■ **Data in this exercise**
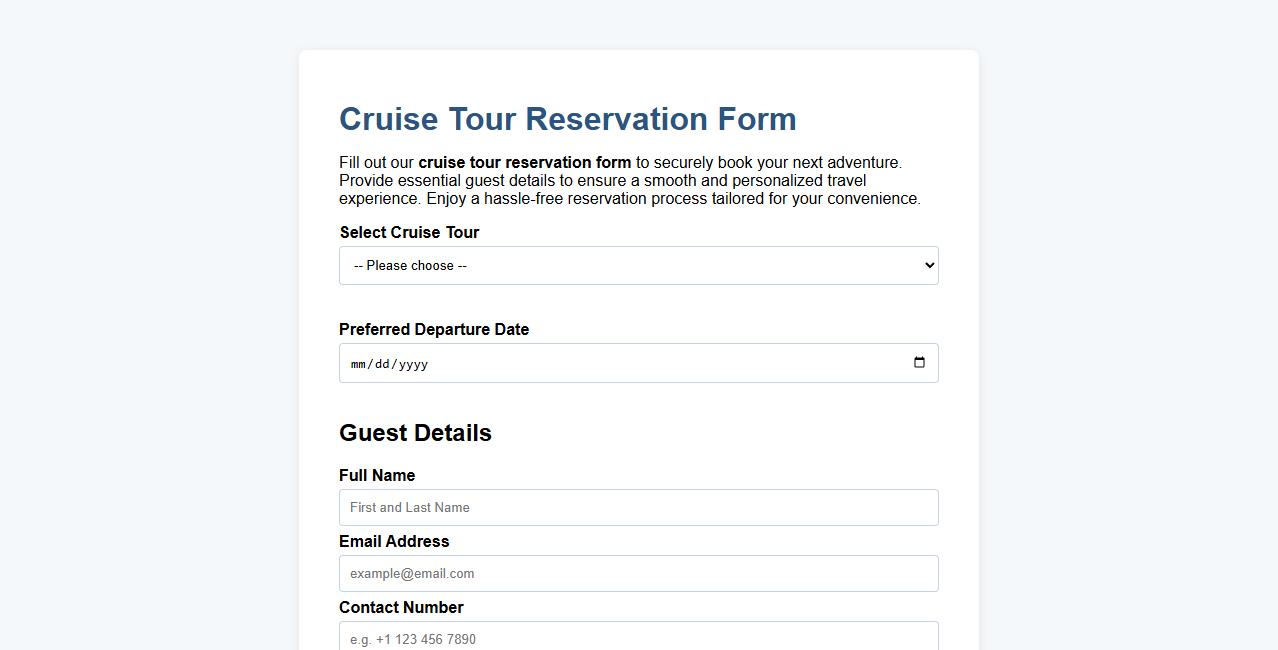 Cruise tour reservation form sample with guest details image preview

---

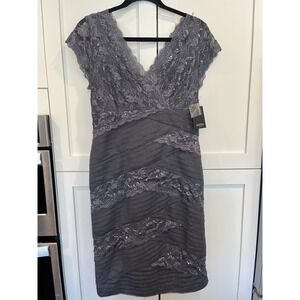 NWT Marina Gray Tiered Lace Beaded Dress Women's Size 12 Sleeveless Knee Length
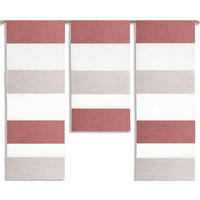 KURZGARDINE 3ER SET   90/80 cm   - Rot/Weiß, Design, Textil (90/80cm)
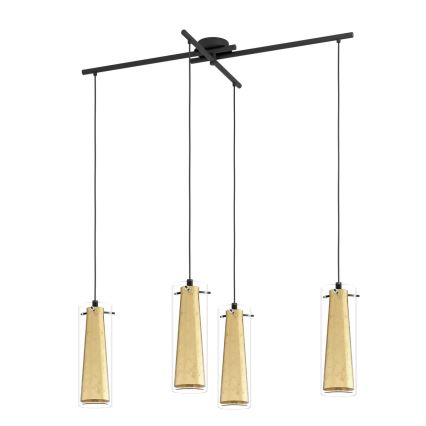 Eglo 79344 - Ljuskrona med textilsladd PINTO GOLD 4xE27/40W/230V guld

■ **Instructions for the task**
The expected output is the lines above from the one containing "KURZGARDINE 3ER SET" to the one containing "Eglo 79344 - Ljuskrona", both ends included, reproduced exactly with every picture left out.

■ **Task response**
 KURZGARDINE 3ER SET   90/80 cm   - Rot/Weiß, Design, Textil (90/80cm)
 Eglo 79344 - Ljuskrona med textilsladd PINTO GOLD 4xE27/40W/230V guld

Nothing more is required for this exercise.